__Assignment__:
Beginning at the line that holds "Layla K LK198", transcribe each line exactly through the end of the records, and leave any pictures out.

Provided data Block Start

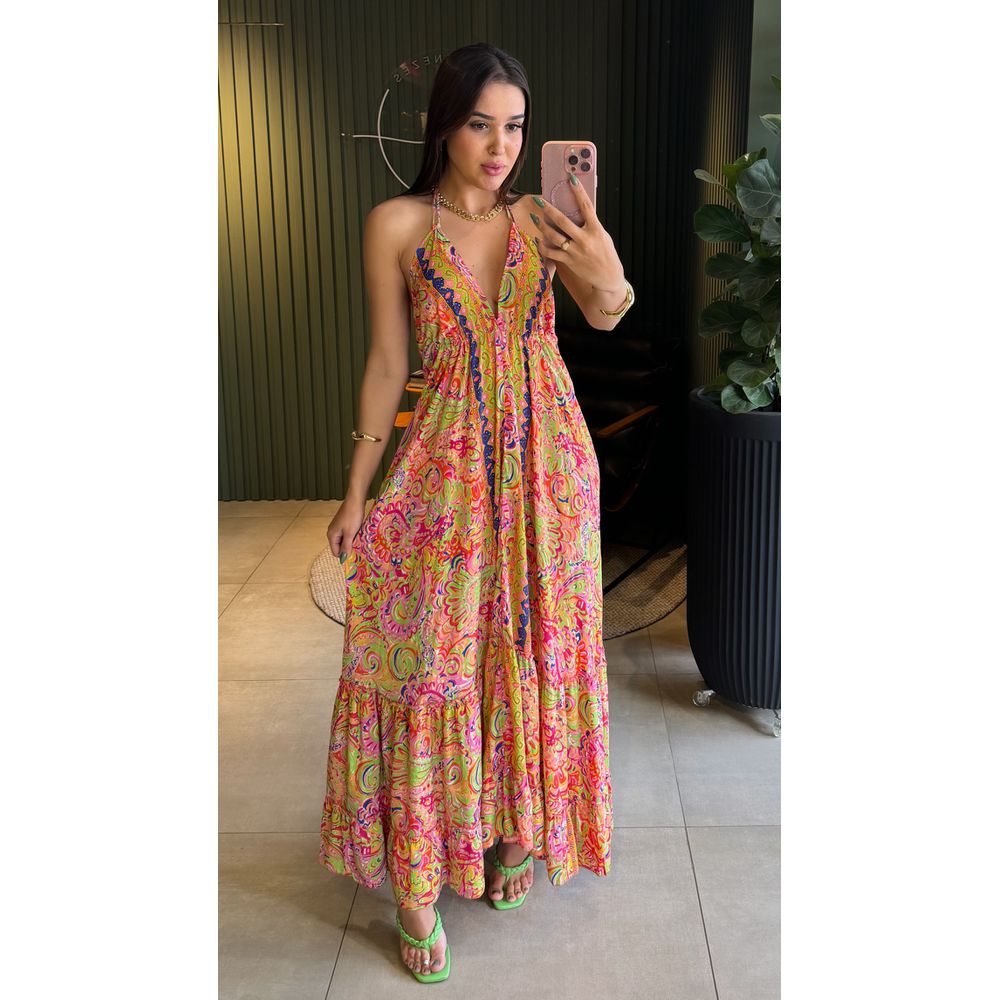 VESTIDO INDIANO PINK E ESTAMPA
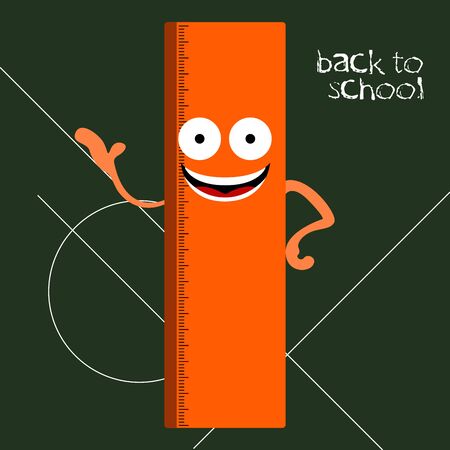 Happy ruler. Back to school - Vector illustrationのイラスト素材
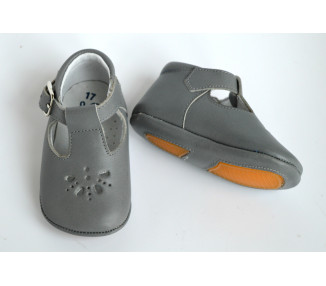 Chaussons bébé SOUPLES Salomé antidérapants Mini-Aloïs - cuir GRIS clair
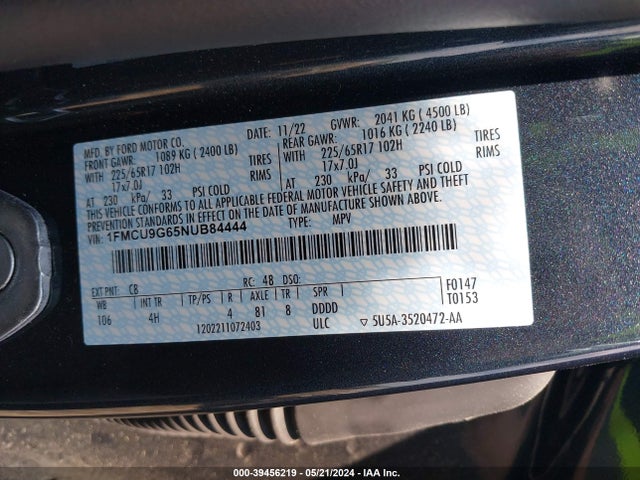 Ford ESCAPE SE 2022 1FMCU9G65NUB84444 Image 9
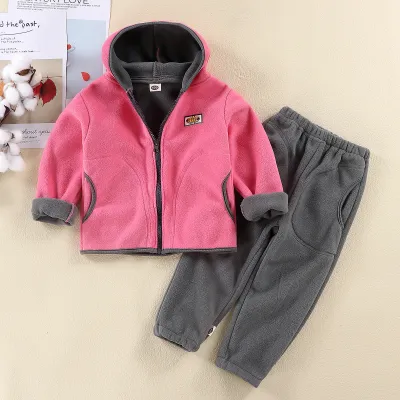 Kids Toddler Boys Girls Fall Winter Polar Fleece Hooded Two-Piece Set
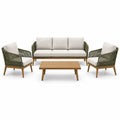 Ensemble de salon de jardin en bois et corde, coussins beige - 2026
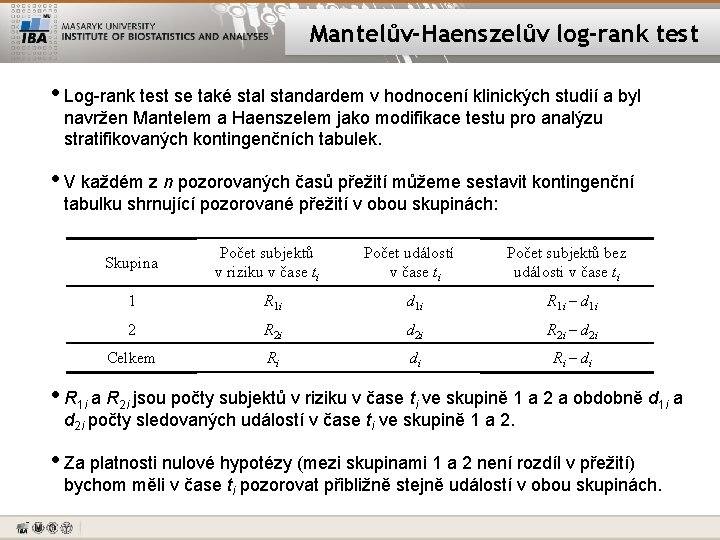 Mantelův-Haenszelův log-rank test • Log-rank test se také stal standardem v hodnocení klinických studií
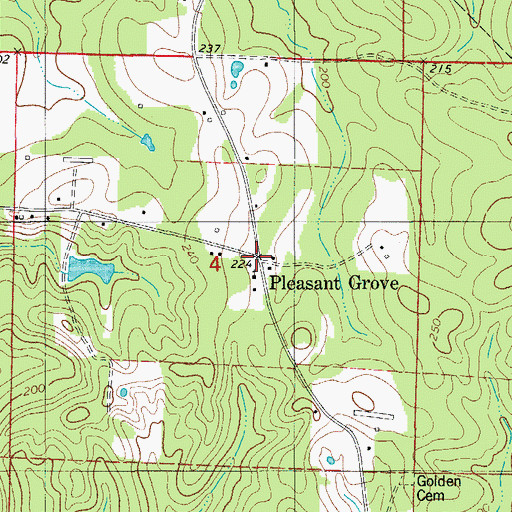 Topographic Map of Pleasant Grove, AR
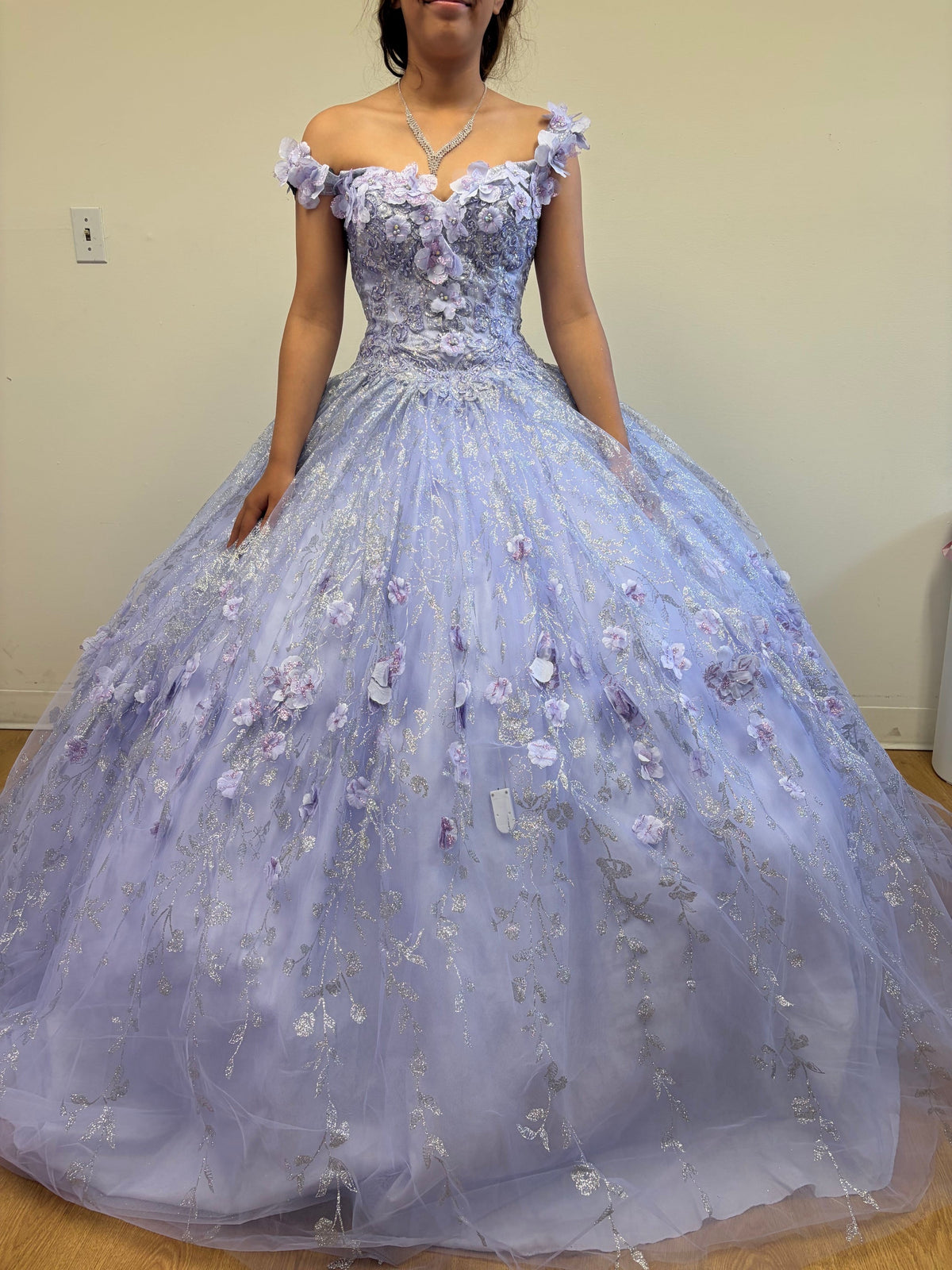 Layla K LK198 Off Shoulder Light Up Floral Quince Ball Gown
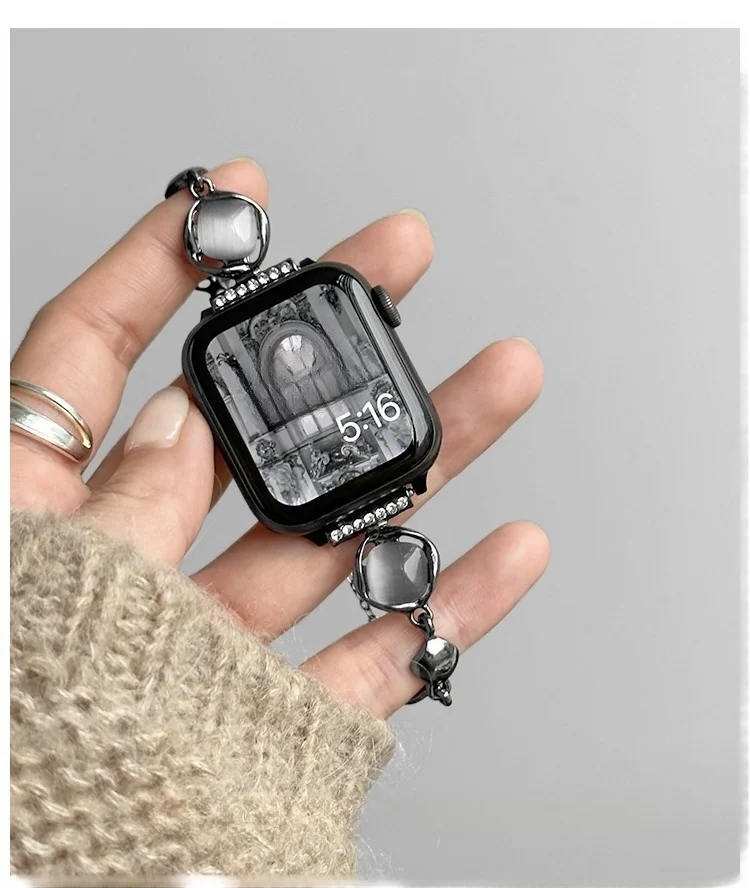 

Cat's Eye Stone Chain Compatible with iWatch Strap 38mm 40mm 41mm 42mm 44mm 45mm 49mm Fashion Strap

Provided data Block End

__Exercise solution__:
 Layla K LK198 Off Shoulder Light Up Floral Quince Ball Gown

Cat's Eye Stone Chain Compatible with iWatch Strap 38mm 40mm 41mm 42mm 44mm 45mm 49mm Fashion Strap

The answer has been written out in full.